Documenta-Forum fordert Fehleranalyse und Dialog

Wieder miteinander statt übereinander sprechen, sachliche Fehleranalyse statt Ruf nach personellen Konsequenzen - das wünscht sich das Documenta-Forum von den Verantwortlichen in Kassel, Berlin und Wiesbaden. Das sei man auch den vielen Künstlern schuldig, die in in der nordhessischen Stadt zu Gast sind

Im Antisemitismus-Eklat bei der Documenta fifteen hat das Documenta-Forum die Verantwortlichen in Kassel sowie beim Bund und Land Hessen zu einer Fehleranalyse und zum Dialog aufgerufen. Für die antisemitischen Elemente sei die Weltkunstschau zu Recht kritisiert worden. "Der Schaden, welcher der Documenta damit zugefügt wurde, ist erheblich", erklärte das Forum am Montag in Kassel. "Leider haben eine Reihe Kasseler, Wiesbadener und Berliner Debatten der letzten Tage eher verstört, statt Klarheit zu schaffen. Statt eines orientierenden Dialogs der wichtigen Institutionen und der demokratischen Parteien war er eher von punktuellen Selbstdarstellungen und Betonierungen der jeweils individuellen Position geprägt."

Das Documenta-Forum ist eine Art Freundeskreis, der die Weltkunstschau unterstützt, aber auch eigene Projekte umsetzt. Man bedauere, dass die Bitte des Kuratoren-Kollektivs Ruangrupa um Entschuldigung "und ihre nachdenkliche, ernsthafte und reflektierende Haltung, eventuell inkriminierte Exponate zurückzunehmen, nahezu wirkungslos" geblieben sei. Mehr als 1500 Künstler seien Gäste Kassels. "Sie haben es nicht verdient, unter Generalverdacht gestellt zu werden", erklärte das Forum. "Sie zeigen uns eine andere Sicht auf die Kunst der Welt, das sollten wir wertschätzen und sie hier nach wie vor willkommen heißen."

Im Kern gehe es bei der Auseinandersetzung um die Freiheit der Kunst, die wie jede Freiheit ihre Grenzen habe und ohne Verantwortung nicht zu haben sei. Man respektiere die selbstkritische Sicht der Documenta-Verantwortlichen. "Ihre aufreibende Arbeit darf – gerade auch unter Corona-Bedingungen – nicht in Bausch und Bogen verurteilt werden", hieß es. "Statt jetzt vordringlich nach personellen Konsequenzen zu rufen, sollte eine Fehleranalyse erstellt werden." Angesichts der weit über Deutschland hinausreichenden Bedeutung der Ausstellung wäre zudem "dringend zu wünschen, dass die Verantwortlichen in Kassel, Wiesbaden und Berlin mehr miteinander als übereinander sprächen".

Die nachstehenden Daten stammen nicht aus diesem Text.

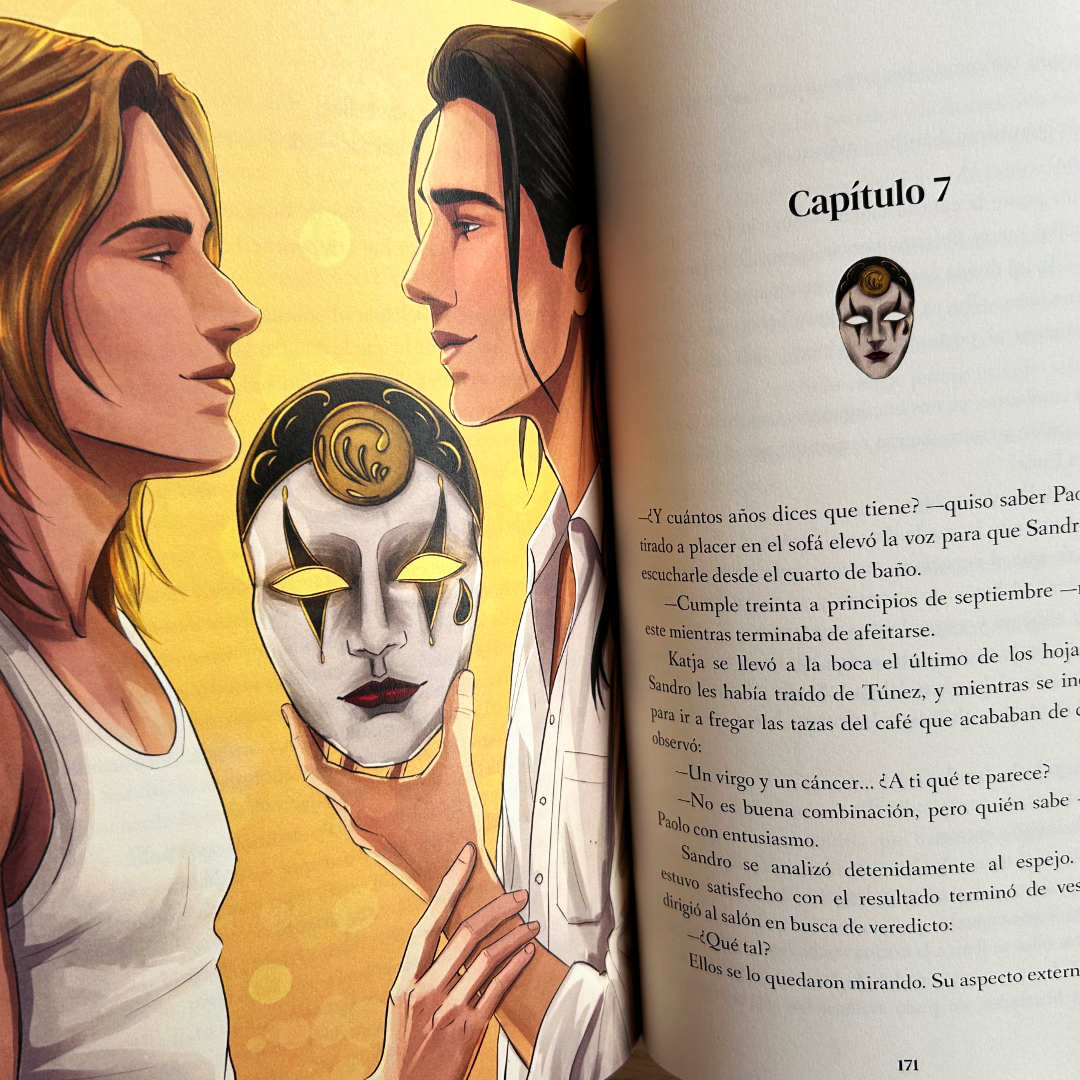 Pierrot, novela de romance LGBT contemporáneo con diferencia de edad y misterio en Italia, edición especial limitada a color y dedicada, detalle de ilustración interior a color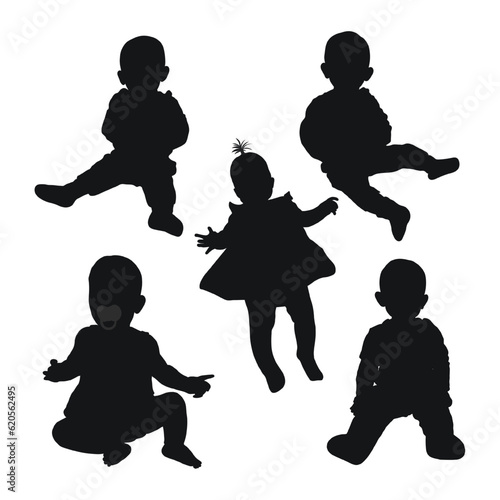 Image of a black silhouette of a baby up to a year. The child sitting, walking, dance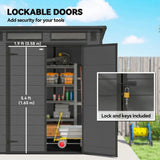Outsunny 6 x 6ft Wood-Effect Plastic Garden Shed with Floor, Windows & Lockable Doors – Outdoor Storage, Dark Grey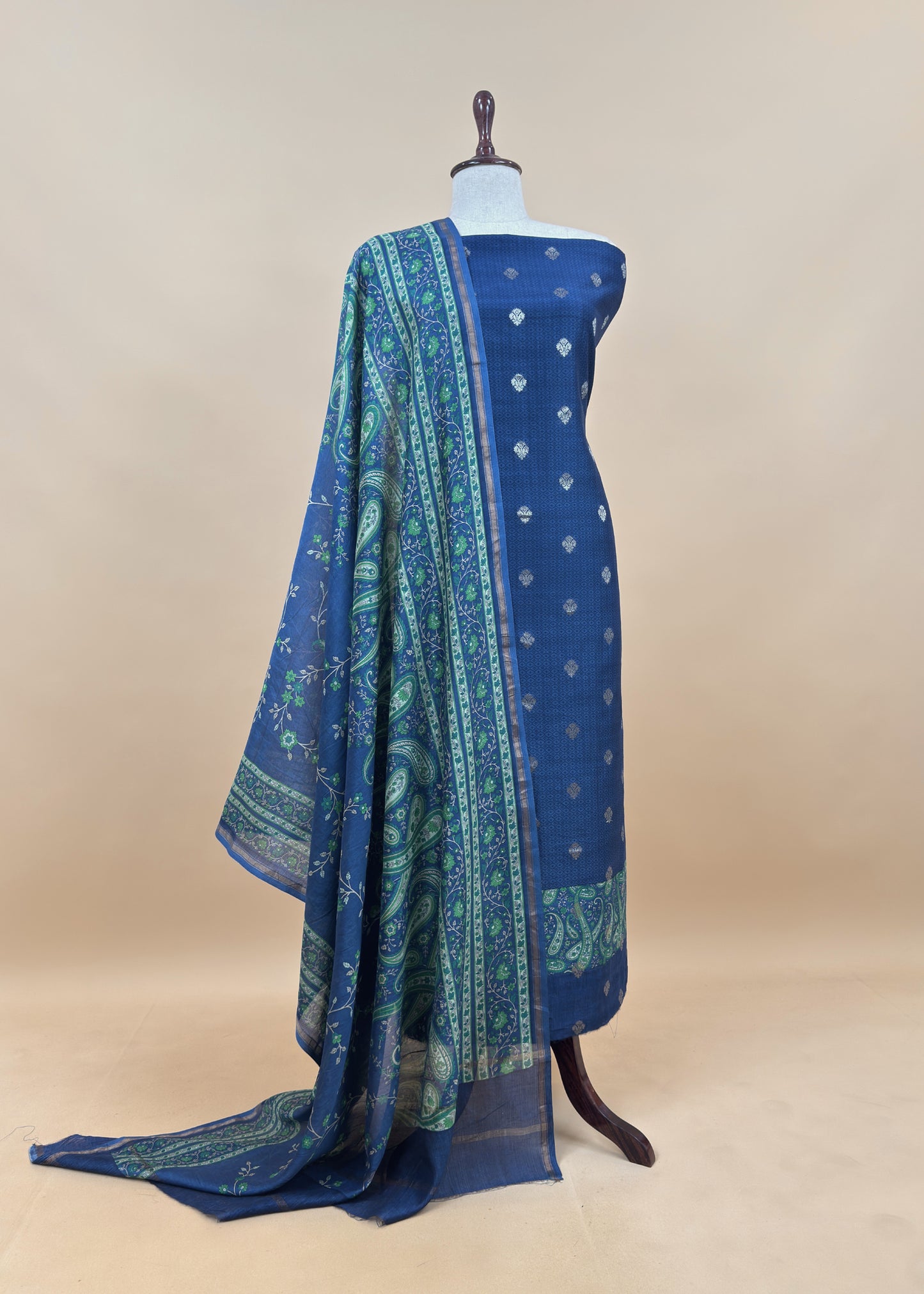 Blue Maheshwari Silk Suit With Banarasi Bootis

Kurz nach der Eröffnung der Schau, die neben der Biennale in Venedig als wichtigste Ausstellung für Gegenwartskunst gilt, war eine Arbeit mit antisemitischer Bildsprache entdeckt worden. Das Banner "People's Justice" des indonesischen Kunstkollektivs Taring Padi war daraufhin abgehängt worden. Die Organisatoren der Ausstellung hatten als Konsequenz unter anderem angekündigt, alle weiteren Werke auf antisemitische Inhalte zu prüfen.